The Venezuela intervention from its inception displayed aggressive regional goals. From its inception it was accompanied by an explicit demand that the new leadership in Caracus take orders from Washington as the price of its political survival. Trump and his  reactionary Secretary of State, Marco Rubio, openly linked Venezuela to future regime-change efforts in Colombia and Cuba, with Trump issuing a crude threat to topple the outspoken Colombian president, Gustavo Petro, and US Special Forces reportedly killing 32 Cuban members of Maduro’s Presidential Guard in carrying out their kidnapping mission. Venezuela has been under U.S. orders to terminate all shipments of oil to Cuba, which had been dependent on oil imports to meet its energy needs.

Implications

It remains uncertain whether Delcy Rodriguez’s government will negotiate an arrangement that preserves formal sovereignty for Venezuela while surrendering substantive control over internal governance to Washington for an indefinite period. Such an outcome would signal a full embrace of digital-age gunboat diplomacy, a dramatic rejection of the UN endorsement of the entitlement of all distinct nations to exercise the right of self-determination, with particular reference to territorial sovereignty, political independence, and an inalienable right to economic development. Trump’s outlandish expansionist visions even contemplates a coercive territorial incorporation of Canada into the United States, a move that has predictably produced an anti-American reassessment of Canadian national security in Ottawa, give an eloquent response by Prime Minister Mark Carney at the recent meeting of World Economic Forum.

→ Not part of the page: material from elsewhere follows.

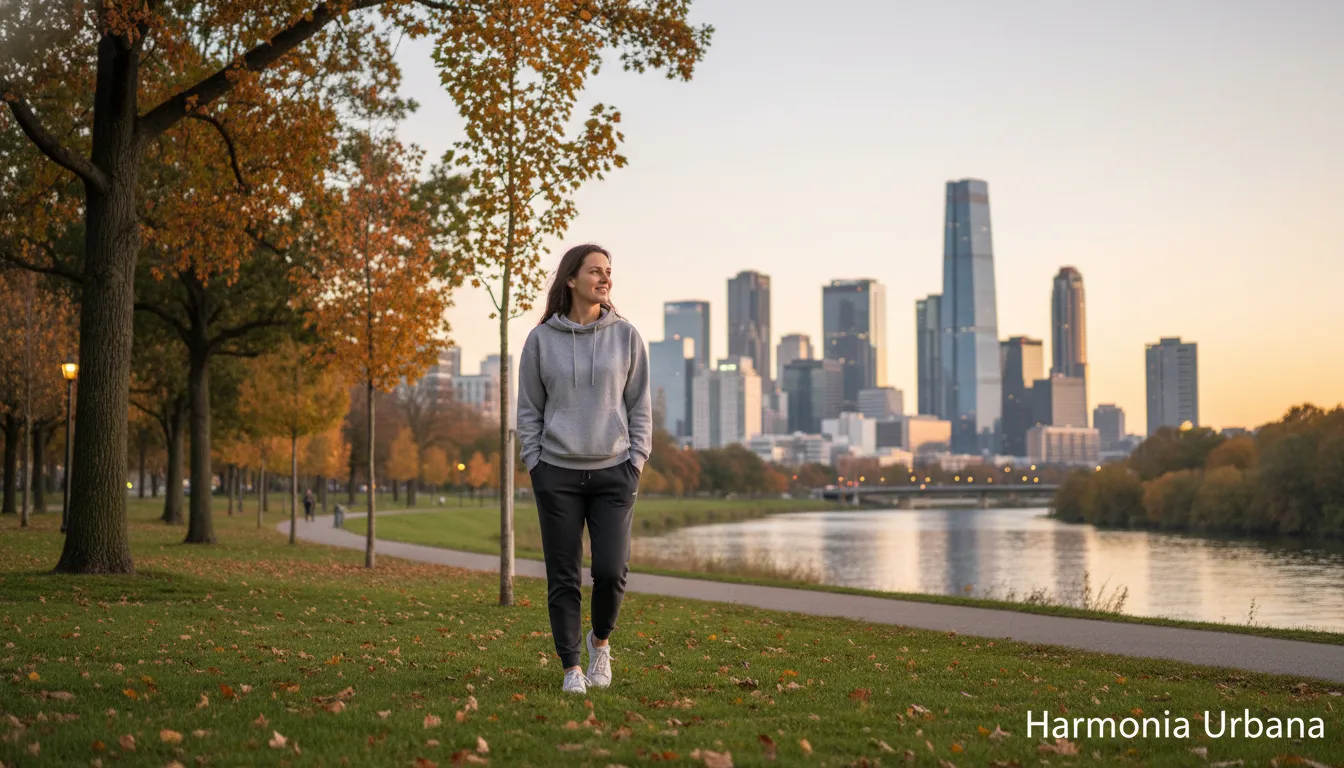 Pessoa caminhando ao ar livre em ambiente urbano ao anoitecer com sensação de bem-estar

International reactions to the assault on Venezuela have been so far mostly muted, reflecting fear, confusion, and perceived futility. Meanwhile, geopolitical rivalry intensifies, particularly with Russia and China, raising the specter of a new Cold War or nuclear conflict. The NSS makes clear that US preeminence requires excluding all extra-hemispheric powers from the region, by its repeated referencing of “our Hemisphere.” Such a commitment challenges China’s hemispheric presence that has been quietly engaged in extending its infrastructure diplomacy throughout Latin America. A dangerous flashpoint with China could occur in relation to its role in providing Peru with the largest port in the region or its role in Panama given the country’s proximity to and sovereignty over the Panama Canal. Some Trump critics think this may be a preliminary effort to legitimize hegemonic spheres of influence for the three geopolitical actors, with implicit concessions of Ukraine to Russia and Taiwan to China. Of course, if such a grand deal is ever consummated it will complete the process of sidelining or even eliminating the UN as a failed experiment in a peace-building world order and consign the peoples of the world to the paleo-realist wisdom of Thucydides in his Melian Dialogue, ‘the weak do what they must, the strong do what they will.’

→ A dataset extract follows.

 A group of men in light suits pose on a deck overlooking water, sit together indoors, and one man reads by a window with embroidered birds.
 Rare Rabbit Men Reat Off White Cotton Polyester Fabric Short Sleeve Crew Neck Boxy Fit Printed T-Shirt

It would be an oversight not to acknowledge Trump’s unacknowledged affinity with such America First thinking associated with his more diplomatically sophisticated forebears as Kissinger and Brzezinski. They were far more prudent and grounded in diplomatic protocol, but not much less blind to the benefits of global humanism and the urgencies of demilitarization and ecological adaptations to mounting global challenges. Only China seems currently attuned to the internationalist imperatives of a ‘live and let live world order’ that connects its visions of the future with reciprocity, restraint, economic and technologic mastery, and ecological resilience. Such a recognition of China’s pedagogical leadership should not be read as an endorsement of China’s internal ethnic and political pattern of state/society relations that leaves much to be done in the domain of human rights.   

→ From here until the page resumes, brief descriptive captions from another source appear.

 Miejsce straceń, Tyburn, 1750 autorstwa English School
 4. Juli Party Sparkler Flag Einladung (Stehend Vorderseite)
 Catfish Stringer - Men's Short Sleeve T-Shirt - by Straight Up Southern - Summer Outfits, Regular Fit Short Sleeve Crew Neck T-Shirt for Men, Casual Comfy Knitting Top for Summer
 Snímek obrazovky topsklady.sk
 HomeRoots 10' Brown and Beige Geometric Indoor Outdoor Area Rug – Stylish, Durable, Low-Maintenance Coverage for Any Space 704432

I fear what might be presently called ‘Trump’s  World’ will be a curse  taking its toll on future generations, not only elsewhere on the planet but in its almost certain boomerang effects on the quality of life in the United States. Hyper-nationalism fused with nihilistic geopolitics poses the most profound threat to species sustainability in human history both by what is does, as well as what it proposes to do and not doing.